AIM OF THE EXERCISE -
All of the data should be reproduced word for word, though its pictures must be omitted.

INPUT DATA -
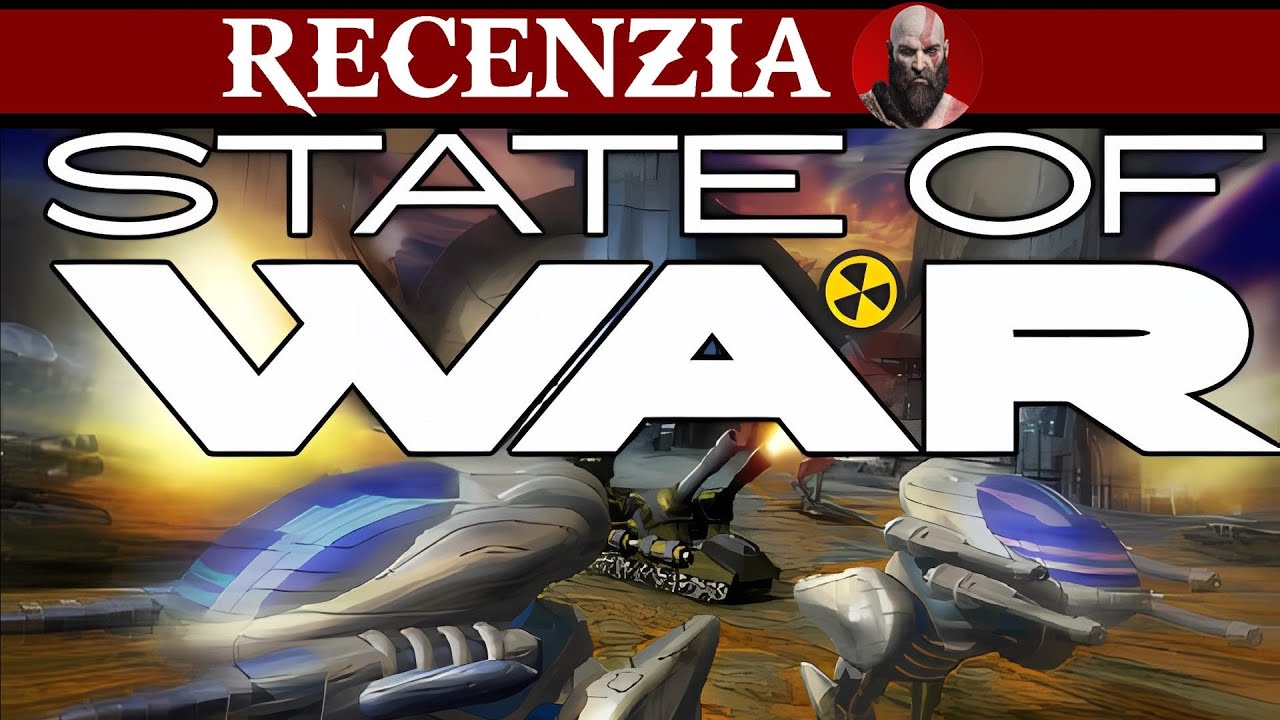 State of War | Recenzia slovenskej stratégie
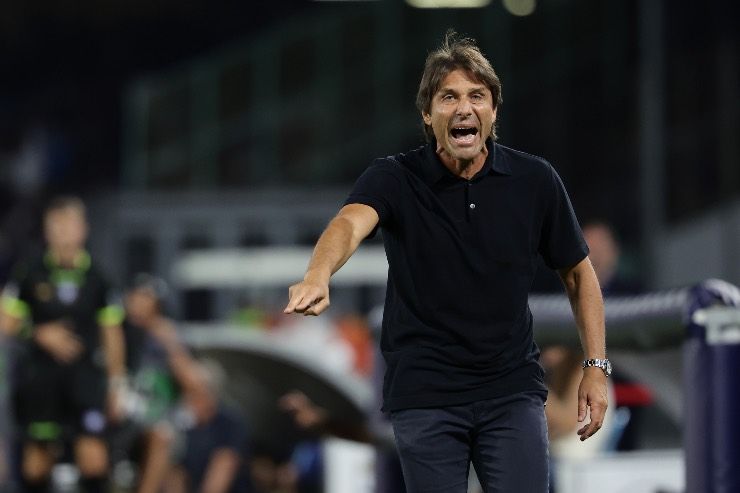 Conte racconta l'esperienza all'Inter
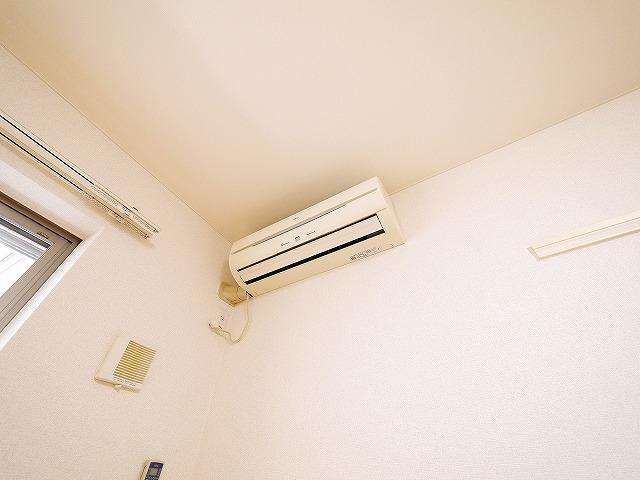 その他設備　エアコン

WRITTEN ANSWER -
 State of War | Recenzia slovenskej stratégie
 Conte racconta l'esperienza all'Inter
 その他設備　エアコン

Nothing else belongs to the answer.